Öyle görünüyor ki Bülent Ecevit’in kuracağı hükümet, ‘örtülü koalisyon’ niteliğinde olacak. Böylece büyük iş çevrelerinden tutun da bazı işçi sendikalarına kadar herkesin ‘umutsuz hayali’ de gerçekleşmiş oluyor: ANAP ve Doğru Yol Partisi bir kez daha ‘soft’ bir koalisyonda bir araya geliyorlar.
Sorun şimdi hükümetteki bakanların hangisinin ‘solu’, hangisinin ‘sağı’ temsil edeceğinin anlaşılmasında. Ecevit’in uzunca bir süredir kullandığı terminoloji de dikkate alındığında bu o kadar da kolay bir iş değil. Benim önerim eski bir halk tekerlemesinin hayata geçirilmesi: Sağına sarmısak, soluna soğan! Böylece ‘örtülü solanayol’ kabinesinin bakanlarının hangi kesimden olduğu daha kolay anlaşılabilecektir diye düşünüyorum.
İşin şakası bir yana, Türkiye’nin kurtuluşunu merkez sağın birleşmesinde arayanları doğrusu hiç anlayamıyorum.
Türkiye çok partili düzene geçildiğinden beri çok kısa bir-iki ara dışında merkez sağ partiler tarafından yönetildi. 12 Eylül öncesi Ecevit’in kurduğu iki hükümet de aslında bir ‘sol-sağ’ koalisyonundan ibaretti.

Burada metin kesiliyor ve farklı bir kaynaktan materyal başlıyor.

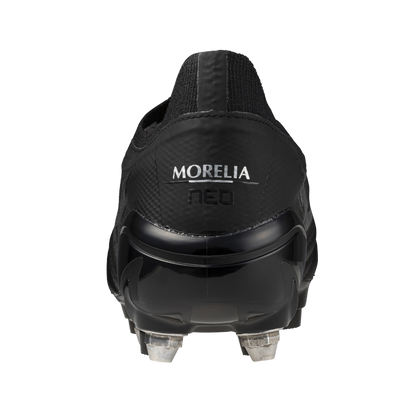 Mizuno Fußballschuhe Morelia Neo Beta Elit Mix - machsport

Birinde ortak MSP idi, diğerinde de ‘bağımsız sağcılar’.. 12 Eylül sonrasındaki Demirel ve Çiller hükümetlerinde de sosyal demokratlar hiçbir dediklerini
yaptıramayan küçük ortak olmaktan ileri gidemediler.
Türkiye’nin bugün yaşadığı sorunlar nelerse, bunların hepsinin temeli merkez sağ hükümetler tarafından atıldı, beslendi, büyütüldü.
KİT’ler bu partiler tarafından arpalık haline getirildi.
Kamu kaynakları bu partilerin döneminde popülist politikalar için savruldu.
Enflasyon bu partilerin iktidarında yüzde 110’lara kadar yükseldi.
Devlet ihalelerindeki yolsuzlukların altında bu partilerin bakanlarının ve bürokratlarının imzası vardı.
Türkiye, bu partilerin bilinçli politikalarıyla ikinci sınıf bir demokrasiye layık görüldü.
Daha çok rant için kentlerin imar planlarıyla oynandı, çevre yaşanmaz hale getirildi.
Şimdi bakıyorum da bütün bu sorunların siyasi çözümü için önerilen şey iki merkez partinin birleşmesinden geçiyor.
Sanki bunlar zamanında hepsi bir çatının altında değilmiş gibi davranılıyor.
Türkiye’de bugün kendisini solcu olarak tanımlayan iki parti var. Bir tanesi bugün yarın merkez sağın desteğiyle bir azınlık hükümeti kuracak. Seçimlere kadar emaneti muhafaza edecek. Ya seçimlerden sonra?
Seçimlere üç ay kala iki parti de Ankara’daki kısır politika tartışmalarından ve kimin seçilebilecek yerde aday olabileceğinden başka hiçbir şeyi konuşmuyor.
Türkiye’nin son 50 yıldır düşürüldüğü durumdan sorumlu olan politikalara karşı halka ümit verecek bir söz söyleyemiyorlar. Hayat şartlarından bezmiş büyük kitleleri harekete geçirecek, sokaktaki insanın dertlerine çare olabilecek bir program ortaya koyamıyorlar.
Türkiye’nin asıl sorununun işte burada olduğunu düşünüyorum.
Sorun merkez sağın parçalanmışlığı değil, solun hayal gücünden yoksun olması. Halkın politikanın bir oyuncusu değil, seyircisi haline getirilmesi.
Almanya’da Hıristiyan demokratlar uzun süre iktidarlarını ‘hür demokrat’ yedekleriyle koruyabildiler. Türkiye’deki sosyal demokratlar da Türk merkez sağının ‘hür demokratları’ rolünü oynamayı artık bırakmalı.
Bunlar yapılmadıktan sonra ha Erez Başbakan olmuş, ha Ecevit.